Featuring Ximin He, postdoctoral research fellow in the Wyss Institute of Biologically Inspired Engineering
School of Engineering and Applied Science, Harvard University
December 13, 2012, 10:00 a.m.
Goldwater, GWC 535
abstract
Creating systems that effectively convert energy, such as efficient solar cells and electrochemical batteries, has been a longstanding scientific pursuit, especially given the global energy challenges nowadays. But from a biological perspective, the interplay between the electrical or chemical stimuli, the solar energy from sunlight, and the mechanical motion is commonplace, indeed fundamental, to nature’s abilities of self-regulation via the effective energy harvesting and conversion on both a microscopic and macroscopic level.

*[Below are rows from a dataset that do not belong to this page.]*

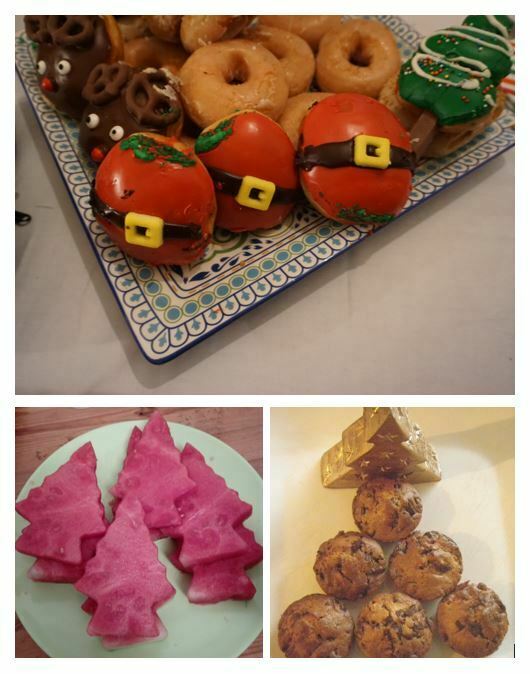 CHristmas doughnuts, Christmas tree watermelon and muffins beside a Christmas candle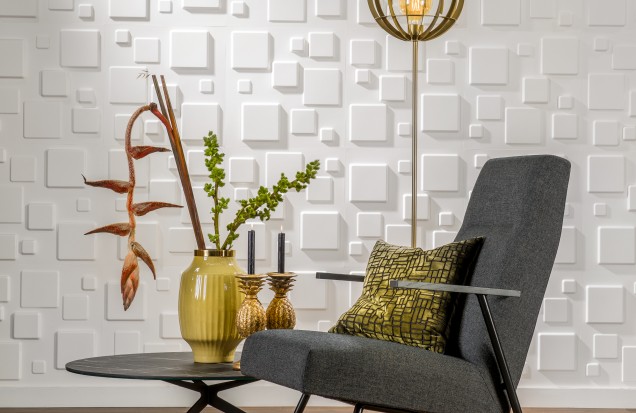 Panouri decorative 3D Squares, WallArt, 12 placi 50x50cm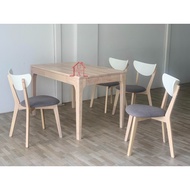 Gf Lux x2/x4 4ft/120cm solid rubber wood dining table with 4 chairs/ meja makan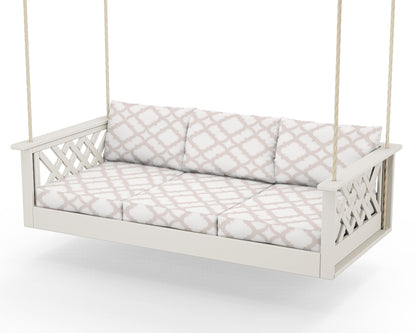 Country Living Wovendale Daybed Swing in Sand / Trellis Dune Burlap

Warm-blooded animals and many living organisms exhibit unique homeostatic abilities, maintaining tight control of their local environment (temperature, pressure, etc.) through efficient interconversions of chemical and mechanical energy via self-regulating feedback loops. In contrast, most man-made materials lack this capability. Applying the concept of homeostasis to the design of autonomous materials would have substantial impacts in areas ranging from ‘smart’ materials that regulate energy usage in batteries or energy efficient buildings to medical implants that help stabilize bodily functions. This talk will present a versatile strategy for creating self-regulating, self-powered, homeostatic materials capable of precisely tailored chemo-mechano-chemical feedback loops on the nano- or micro-scale. The exemplary autonomous, self-sustained polymer-based material systems “SMARTS” are able to maintain a user-defined parameter, for example temperature, in a narrow range, by employing a continuous feedback loop between various catalytic reactions and the mechanical action of the environmentally-responsive material hydrogel. This broad-based energy-converting platform is highly customizable owing to the broad choice of chemistries, tunable mechanics and its physical simplicity. Perspectives on the nature-inspired solutions for may impact future applications in energy and biomedicine will be discussed, from “smart energy devices” of sunlight harvesting beneficial for solar cells, thermo-voltaics as counterparts of photovoltaics, photo/electro-chemical converters, to “energy efficient biomedical materials” in glucose self-regulating implants.
biosketch
Ximin He is a postdoctoral research fellow in the Wyss Institute of Biologically Inspired Engineering and School of Engineering and Applied Science at Harvard University. She received her Ph.D. in Chemistry in the fields of Nanoscience and Organic Optoelectronics from University of Cambridge, Melville Laboratory for Polymer Synthesis, Cavendish Laboratory and Nanoscience Center.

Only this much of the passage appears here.